Many might’ve seen the Australian ban of social media for <16 y.o with no idea of how to implement it. There have been mentions of “double blind age verification”, but I can’t find any information on it.
Out of curiosity, how would you implement this with privacy in mind if you really had to?
Doesn’t this assume the issuing agency has all employees who are morally sound and not leaking data, unnoticed by an internally badly designed system, which is designed by people who are out of touch? Most things like this are designed that way, irregardless of country .
I’m sure one can make it watertight but it’s so hard and still depends in trusting people. The conversation here is about one thing of a larger system. There are probably a hundred moving parts in any bureaucracy.

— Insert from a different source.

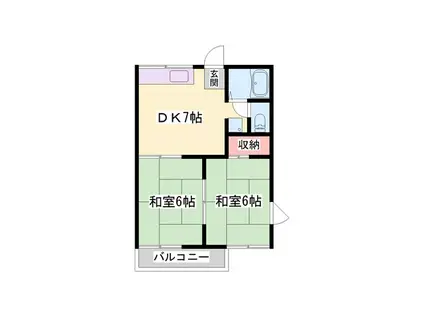 ハイツ野々上(2DK/2階)の間取り写真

This is the understanding ANYWHERE. How do we know there aren’t back doors in our OS’s? We literally have no clue. We do THE BEST WE CAN using the clues we have.
I don’t know anything about cryptology; I have an imagination about how many things can go wrong hooking up parts and running them.
If it’s the law to make an age verification system then it will be made.
But I think one either has an age verification or privacy, but not both, in any country in the world.
I’m totally sure many of the discussions here about crypto are way above my head. But I’m equally sure while any one part will look fine in paper, the sum total will be used by an expanding government agency, crime, or both.
Yeah, these things quickly boil down to the trusting trust thing (see Ken Thompson’s Turing award lecture). You can’t trust any system until you’ve designed every bit from scratch.
You gotta put your trust somewhere, or you won’t be able to implement jack.